ICICI Direct's research report on Mahindra EPC Irrigation
Buy Mahindra EPC Irrigation in the range of Rs 175.00–181.00 for target price of Rs 206.00 with a stop loss of Rs 160.00. Time Frame: Six months
The stock during July 2020 has registered a resolute breakout above the major falling supply line joining highs since January 2018 (Rs 208) signalling reversal of the corrective trend and resumption of fresh up trend
In the last six weeks it is seen forming higher base around Rs 155-160 levels being the recent major supply line breakout area signalling a Change of Polarity as previous resistance has reversed its role and acting as support. The sharp up move from the support area in the current week highlights strength and and offers fresh entry opportunity with a favourable risk reward set up Structurally, the stock during the current breather has already taken six weeks to retrace just 61.8% of the previous four weeks up move (Rs 137 to 194). A slower retracement highlights robust price structure and a higher base formation We expect the stock to continue with its current momentum and head towards Rs 206 levels as it is the confluence of the 123.6% external retracement of recent breather (Rs 194-154) and high of Jan’18 (Rs 208).

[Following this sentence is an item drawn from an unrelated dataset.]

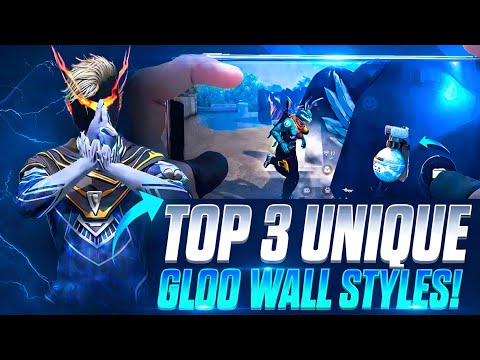 Top 3 Unique Glowall Styles Tutorial ?? Upgrade Your Glowall Style in 2026 ? | 100% Working Methods? thumbnail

Mahindra EPC Irrigation (EPC) is a leading micro-irrigation player in the organised segment of micro-irrigation system (MIS) industry domestically. It is into manufacturing of both sprinkler as well as drip irrigation system with presence in agri input material like greenhouse technical textiles among others. The company’s performance has improved drastically with H2FY20 being the period wherein it clocked double digit margins on consistent basis. In FY20 the company benefitted largely on account of decline in raw material costs due to economies of scale (better procurement terms) as better product mix in the favour of high margin drip irrigation business (200 bps improvement). With increase in sales, employee costs also got apportioned on the larger base with its RoCE clocking higher double digit mark in FY20, first time in last 10 years. As of FY20, Mahindra EPC reported a topline of ₹ 284 crore, up ~10% YoY. It reported an EBITDA of ₹ 37 crore with corresponding EBITDA margins at 13%. Consequent PAT stood at ₹ 23 crore in FY20 vs. ₹ 11 crore in FY19. It is presently quoting at ~1.8x P/S and ~21x P/E on FY20 numbers. Given the current outperformance by rural economy amidst greater government spend, record food grains procurement as well as healthy progress of monsoon 2020, Mahindra EPC stands to benefit and can command better valuation multiples with recent CFO as well as capital efficiency parameters. The company has also tied-up with an Israeli firm for promoting greenhouse cultivation methods in India. It also fits well under the broader M&M vision wherein they envisage all agri- related businesses under their umbrella to cumulatively attain sales of US$ 1 billion in coming years. Moreover, its key competitor with bloated balance sheet can very well get into trouble thereby benefiting the incumbent players like Mahindra EPC.